- Born: July 14, 1917 Tivoli, Lazio, Italy
- Died: 22 September 1988 (aged 71) Rome, Italy
- Known for: Experimental evidence of the muon
- Scientific career
- Fields: Particle physics
- Workplaces: CERN; University of Pisa; University of Chicago; University of Rome;

= Marcello Conversi =

Italian physicist and computer scientist (1917–1988)

Marcello Conversi (August 25, 1917 – September 22, 1988) was an Italian particle physicist. He is best known for his 1946 cosmic ray experiment where he showed that the "mesotron", now known as the muon, was not a strongly interacting particle.
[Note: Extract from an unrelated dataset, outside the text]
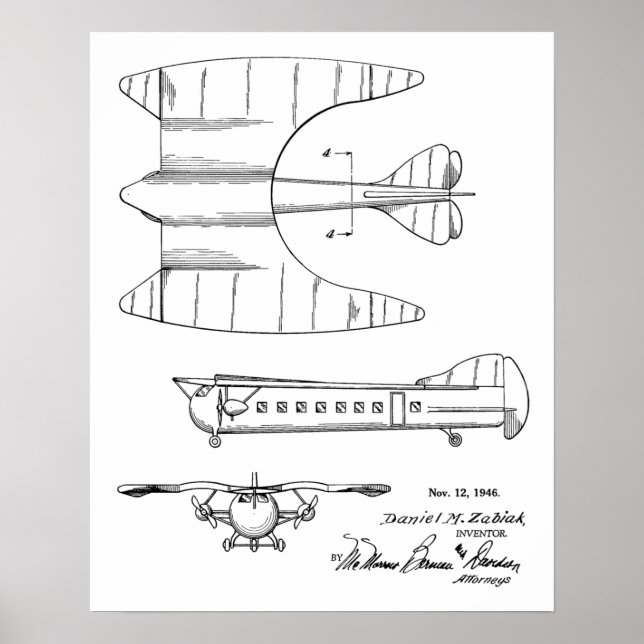 1946 Passagerarflygplan Patent Art Teckning Skriv  Poster (Framsidan)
Conversi studied under Enrico Fermi at the University of Rome, and received his doctorate in 1940, doing his thesis under Bruno Ferretti. During World War II, Conversi remained in Italy, doing research and teaching at the University of Rome. Together with Oreste Piccioni and Ettore Pancini he conducted the experiment that Luis Walter Alvarez, Nobel Prize laureate of 1968, called the "start of modern particle physics" in his Nobel lecture. In 1946, they showed that the "mesotron", now known as the muon, which had been discovered in 1937 by Seth Neddermeyer and Carl David Anderson, was not the particle predicted by Hideki Yukawa as mediator of the strong force. If the "mesotron", a cosmic ray particle of negative charge, was indeed the meson postulated by Yukawa, it should be captured without decaying.

Conversi, Piccioni and Pancini moved their experiment to a high school to avoid air raids. In their experimental setup negative and positive particles were separated by large pieces of magnetized iron on the roof of the high school. The negative particles were absorbed in matter. After switching from iron to graphite absorbers, the 1946 experiment dramatically showed that the negatively charged component of cosmic rays decayed radioactive rather than being captured by the graphite.

From 1946 to 1947 Conversi held a position as a post-doctoral fellow at the University of Chicago, before he returned to Italy as a Professor of Experimental Physics and Director of the Physics Institute at the University of Pisa. During his time in Pisa, he founded the Centro Studi Calcolatrici Elettroniche (CSCE), where the first Italian computer was built. For this work he received the gold medal of the President of Italy in 1961. He also developed a new track detector, known as the flash chamber — a precursor to the spark chamber — which went on to become the standard tool in particle and cosmic ray physics.

In 1958 he returned to the University of Rome, as a Professor of Advanced Physics. He had two appointments as director of the institute, one from 1960 to 1962 and the second from 1964 to 1966. His influential school, from 1950 at Pisa and from 1958 at Rome, produced many famous Italian particle physicists, such as Marcello Cresti, Carlo Rubbia and Luigi Di Lella.

From 1962 to 1964, and again from 1975 to 1977, Conversi was affiliated CERN. At CERN, Conversi was a member of the Scientific Committee from 1969 to 1975, becoming its vice-president. From 1959, he participated in a series of quests at the Synchro-Cyclotron (CERN) for “forbidden” processes in weak interaction. When the new Super Proton Synchrotron began its operation in 1976 he played a prominent role in searches for short-lived particles using a stack of nuclear emulsion coupled to the BEBC bubble chamber.

Conversi was vice president of Italian National Institute of Nuclear Physics from 1967 to 1970.

He was a fellow of the American Physical Society since 1950 and a member of the Italian science academy.